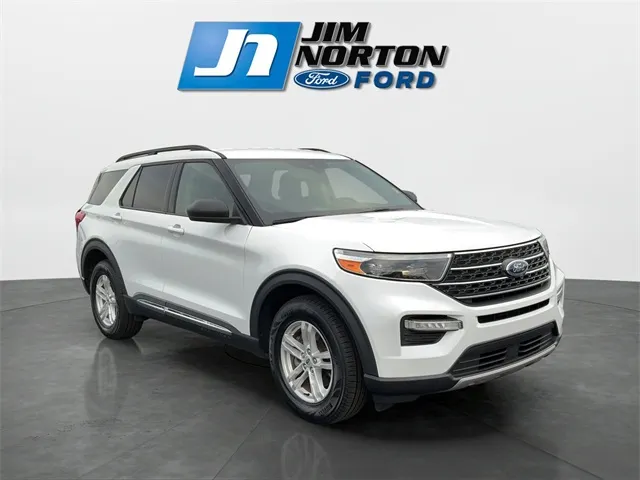 White 2023 Ford Explorer XLT for sale in Broken Arrow, OK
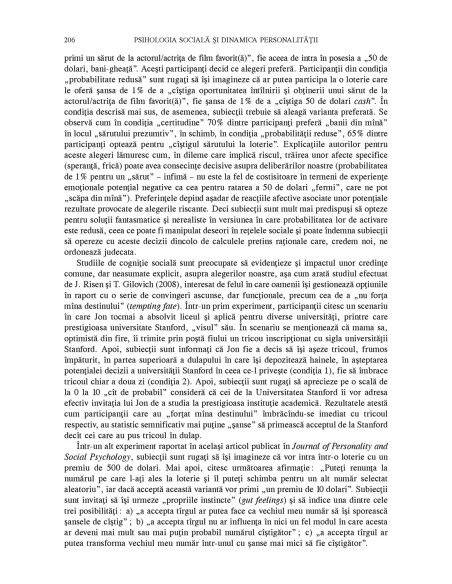 Psihologia socială și dinamica personalității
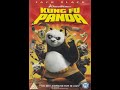 Kung Fu Panda UK DVD Menu Walkthrough 2008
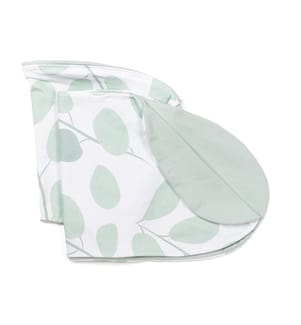 Housse de coussin d'allaitement - Vert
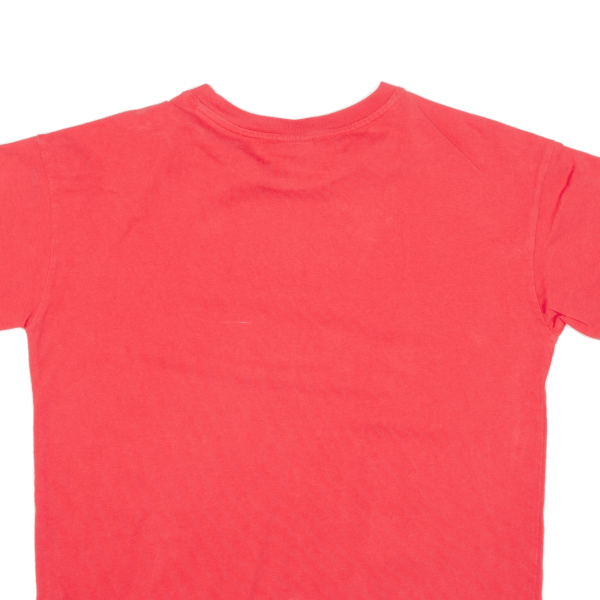 CHAMPION Mens T-Shirt Red S For Cheap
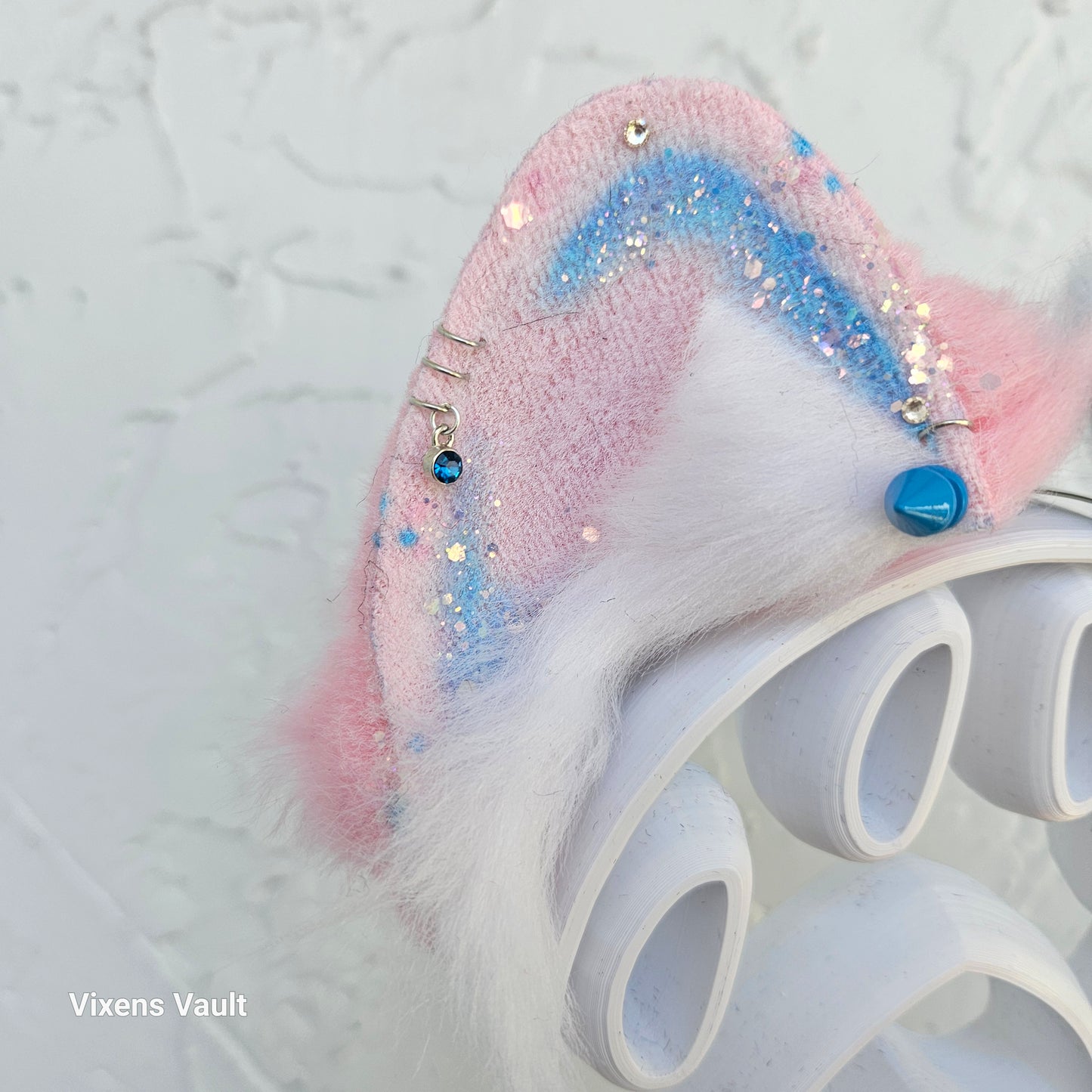 💙💗Trans Roundie Ears💗💙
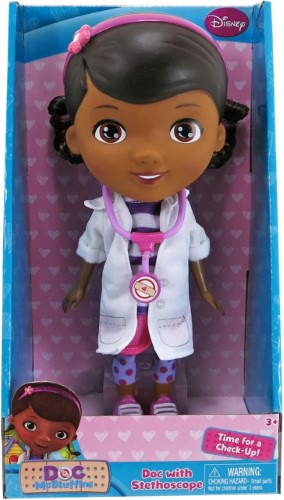 Doctora Juguetes muñeca con estetoscopio - imagen adicional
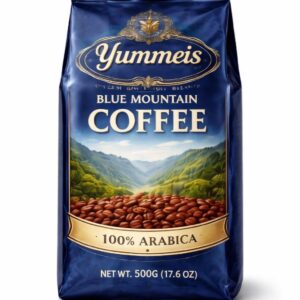 Jamaica Blue Mountain Coffee Whole Beans 500g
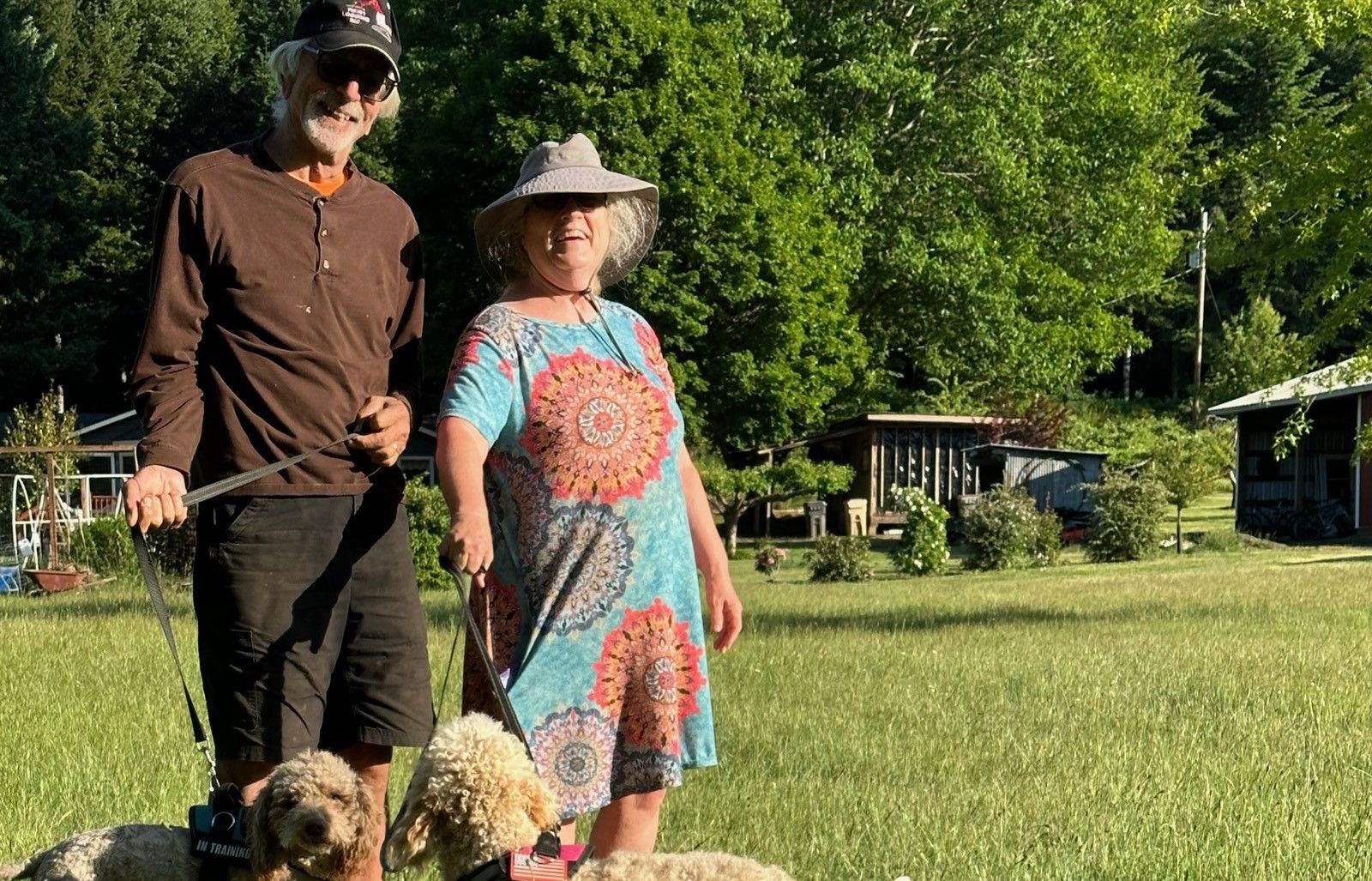 Stan and Merrie's Lagotto Romagnolo in Oregon | Lagotto Romagnolo ...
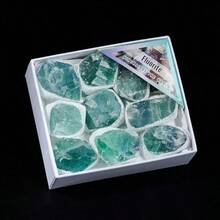 Cirelle Natural Raw Calcite Crystal Stones Set - Rough Healing Crystals For Meditation, Reiki & Home Decor - Multicolor - View 13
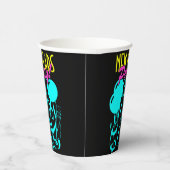 Leuke New Years Eve partij aangepaste papieren bek Papieren Bekers (Rechts)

□ □ □ □ □

■ The task
Give back every record above exactly as written, skipping each picture.

■ Your solution
 White 2023 Ford Explorer XLT for sale in Broken Arrow, OK
 Psihologia socială și dinamica personalității
 Kung Fu Panda UK DVD Menu Walkthrough 2008
 Housse de coussin d'allaitement - Vert
 CHAMPION Mens T-Shirt Red S For Cheap
 💙💗Trans Roundie Ears💗💙
 Doctora Juguetes muñeca con estetoscopio - imagen adicional
 Jamaica Blue Mountain Coffee Whole Beans 500g
 Stan and Merrie's Lagotto Romagnolo in Oregon | Lagotto Romagnolo ...
 Cirelle Natural Raw Calcite Crystal Stones Set - Rough Healing Crystals For Meditation, Reiki & Home Decor - Multicolor - View 13
 Leuke New Years Eve partij aangepaste papieren bek Papieren Bekers (Rechts)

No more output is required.